There was a time when I considered preserved lemons pretty exotic. I recall snatching up a jar on a trip to one of my favorite Middle Eastern food stops, wrapping it carefully for the flight home. In the kitchen, I'd carefully consider each use, hoarding and coveting what essentially boiled down to whole lemons preserved in salt. And so it occurred to me: Lemons. Salt. I just happen to have those two things on hand.

The only mystery to preserved lemons is the month in which you'll excitedly await their coming out. Sitting on the counter, they only require a shake every now and then, perhaps a topping off of lemon juice if they're running low. As far as how to use these gems, consider their attributes: tart, bold, sassy, salty with a side of funk. I usually pair them with creamy-fleshed fish, shrimp, crab, chicken, lamb, root vegetables, tomatoes and herbs—though they have charmed their way into the sweet kitchen, too. You'll often find them as a component to Moroccan tagine.

You can add whichever aromatics to the mix you want. We've opted for a simple black peppercorn, fresh thyme and meyer lemon combination. I'm also inclined to experiment with different types of citrus—kumquats or limequats are next! One word of advice: go organic. Nobody wants to nibble on pesticide peels.

Preserved Lemons

Preserved Lemons
Makes 6 lemons

6 organic meyer lemons, washed well with water 
6 tablespoons kosher or sea salt 
5 black peppercorns
4 sprigs of fresh thyme
Extra fresh lemon juice, if necessary 

Remove any stem buds that remain on the lemons, then set them stem-side down, pointing up and cut downward/lengthwise, stopping about 1 inch before the stem. Make a second cut, just like the first, so that the two incisions resemmble an 'x' or a paper fortune teller (remember those!)

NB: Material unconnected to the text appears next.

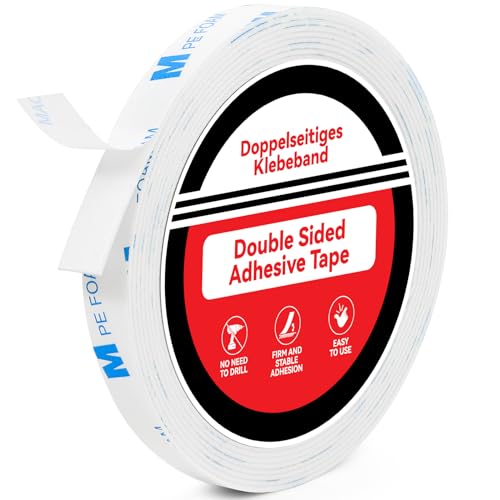 Double Sided Tape Heavy Duty, 10mm × 3m Double Sided Mounting Tape, 1600T PE - Extra Strong Sticky Foam Tape, Waterproof Mounting Adhesive Tape for LED Strip Lights, Home, Office & School Décor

In a clean mason jar, add 1 tablespoon of salt. Rub the remaining salt into the crevices of the cuts you made in the lemons, then reshape them. Pack the lemons, any remaining salt and the peppercorns and thyme into the jar, pressing the lemons down to release their juice. Cover and allow to sit countertop overnight. 

Continue to press the lemons down the next couple of days, encouraging them to release more juice. You want the lemons to be submerged in the brine, so add additional fresh lemon juice if they're not giving off enough of their own. Allow to ripen, unrefrigerated, for 30 days. Every now and then, give them a shake. They are ready once the peels are tender. While they don't require refrigeration, I typically store mine refrigerated—they last for nearly a year. To use, rinse the lemon, scrape out the flesh (which can be used as well) and use the soft peel. I like to press the pulp through a sieve and add it to carbonated water for a salty, tart beverage.

More ways to use preserved lemons:
-Incorporate small bits of peel into tuna salad, along with finely diced red onion and green olives.
-Roast golden beets in a marinade made with 2 tablespoons olive oil, 2 teaspoons preserved lemon juice and 1 teaspoon minced preserved lemon peel. Serve alongside sauteed beet greens and fresh farmer's cheese.
-We've been salivating over this recipe for Roasted Pepper, Tomato, and Salted Lemon Relish. Slicked onto crisp crostini or tossed with plump shrimp, yes please!
-Whip some minced peel into unsalted butter and nudge it underneath chicken skin. Roast and devour.
-One of my favorite recipes, hands-down, is Clams Chermoula. Stew fresh clams in wine, butter and the punchy herb paste until they open, then eat with abundant grilled bread to sop up the divine broth.